Web page caption snippets

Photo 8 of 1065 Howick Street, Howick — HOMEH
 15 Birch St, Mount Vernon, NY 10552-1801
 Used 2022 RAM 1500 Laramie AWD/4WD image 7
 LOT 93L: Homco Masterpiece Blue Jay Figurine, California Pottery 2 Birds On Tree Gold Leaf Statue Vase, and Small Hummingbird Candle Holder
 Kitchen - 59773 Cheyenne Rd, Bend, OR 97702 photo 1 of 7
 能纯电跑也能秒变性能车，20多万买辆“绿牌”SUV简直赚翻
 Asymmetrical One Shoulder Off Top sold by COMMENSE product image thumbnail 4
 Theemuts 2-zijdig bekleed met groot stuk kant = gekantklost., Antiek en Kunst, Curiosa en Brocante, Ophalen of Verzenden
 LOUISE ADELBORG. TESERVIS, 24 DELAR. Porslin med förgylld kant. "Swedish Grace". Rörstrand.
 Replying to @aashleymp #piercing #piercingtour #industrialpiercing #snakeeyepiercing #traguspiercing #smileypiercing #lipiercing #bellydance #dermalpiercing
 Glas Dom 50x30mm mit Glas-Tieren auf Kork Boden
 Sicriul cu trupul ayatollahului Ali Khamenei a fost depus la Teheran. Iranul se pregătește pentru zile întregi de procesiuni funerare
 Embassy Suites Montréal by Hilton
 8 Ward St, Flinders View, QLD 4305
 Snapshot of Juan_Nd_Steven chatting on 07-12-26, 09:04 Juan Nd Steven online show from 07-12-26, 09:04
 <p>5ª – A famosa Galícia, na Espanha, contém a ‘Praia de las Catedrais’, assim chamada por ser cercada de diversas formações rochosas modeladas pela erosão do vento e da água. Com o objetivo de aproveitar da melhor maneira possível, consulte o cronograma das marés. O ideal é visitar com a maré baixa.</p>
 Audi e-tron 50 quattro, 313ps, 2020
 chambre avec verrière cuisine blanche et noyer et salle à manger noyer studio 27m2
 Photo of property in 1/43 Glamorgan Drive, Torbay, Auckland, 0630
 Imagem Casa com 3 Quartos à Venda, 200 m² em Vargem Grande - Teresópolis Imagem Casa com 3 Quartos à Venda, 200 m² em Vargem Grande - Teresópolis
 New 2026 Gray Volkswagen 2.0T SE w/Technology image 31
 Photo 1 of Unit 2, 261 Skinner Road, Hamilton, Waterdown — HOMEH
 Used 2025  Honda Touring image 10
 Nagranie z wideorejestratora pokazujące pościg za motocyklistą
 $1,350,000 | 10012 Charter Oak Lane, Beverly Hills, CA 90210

» TASK TO CARRY OUT: Would you transcribe every entry exactly, leaving nothing out?

» ANSWER TO THIS EXERCISE:
Photo 8 of 1065 Howick Street, Howick — HOMEH
 15 Birch St, Mount Vernon, NY 10552-1801
 Used 2022 RAM 1500 Laramie AWD/4WD image 7
 LOT 93L: Homco Masterpiece Blue Jay Figurine, California Pottery 2 Birds On Tree Gold Leaf Statue Vase, and Small Hummingbird Candle Holder
 Kitchen - 59773 Cheyenne Rd, Bend, OR 97702 photo 1 of 7
 能纯电跑也能秒变性能车，20多万买辆“绿牌”SUV简直赚翻
 Asymmetrical One Shoulder Off Top sold by COMMENSE product image thumbnail 4
 Theemuts 2-zijdig bekleed met groot stuk kant = gekantklost., Antiek en Kunst, Curiosa en Brocante, Ophalen of Verzenden
 LOUISE ADELBORG. TESERVIS, 24 DELAR. Porslin med förgylld kant. "Swedish Grace". Rörstrand.
 Replying to @aashleymp #piercing #piercingtour #industrialpiercing #snakeeyepiercing #traguspiercing #smileypiercing #lipiercing #bellydance #dermalpiercing
 Glas Dom 50x30mm mit Glas-Tieren auf Kork Boden
 Sicriul cu trupul ayatollahului Ali Khamenei a fost depus la Teheran. Iranul se pregătește pentru zile întregi de procesiuni funerare
 Embassy Suites Montréal by Hilton
 8 Ward St, Flinders View, QLD 4305
 Snapshot of Juan_Nd_Steven chatting on 07-12-26, 09:04 Juan Nd Steven online show from 07-12-26, 09:04
 <p>5ª – A famosa Galícia, na Espanha, contém a ‘Praia de las Catedrais’, assim chamada por ser cercada de diversas formações rochosas modeladas pela erosão do vento e da água. Com o objetivo de aproveitar da melhor maneira possível, consulte o cronograma das marés. O ideal é visitar com a maré baixa.</p>
 Audi e-tron 50 quattro, 313ps, 2020
 chambre avec verrière cuisine blanche et noyer et salle à manger noyer studio 27m2
 Photo of property in 1/43 Glamorgan Drive, Torbay, Auckland, 0630
 Imagem Casa com 3 Quartos à Venda, 200 m² em Vargem Grande - Teresópolis Imagem Casa com 3 Quartos à Venda, 200 m² em Vargem Grande - Teresópolis
 New 2026 Gray Volkswagen 2.0T SE w/Technology image 31
 Photo 1 of Unit 2, 261 Skinner Road, Hamilton, Waterdown — HOMEH
 Used 2025  Honda Touring image 10
 Nagranie z wideorejestratora pokazujące pościg za motocyklistą
 $1,350,000 | 10012 Charter Oak Lane, Beverly Hills, CA 90210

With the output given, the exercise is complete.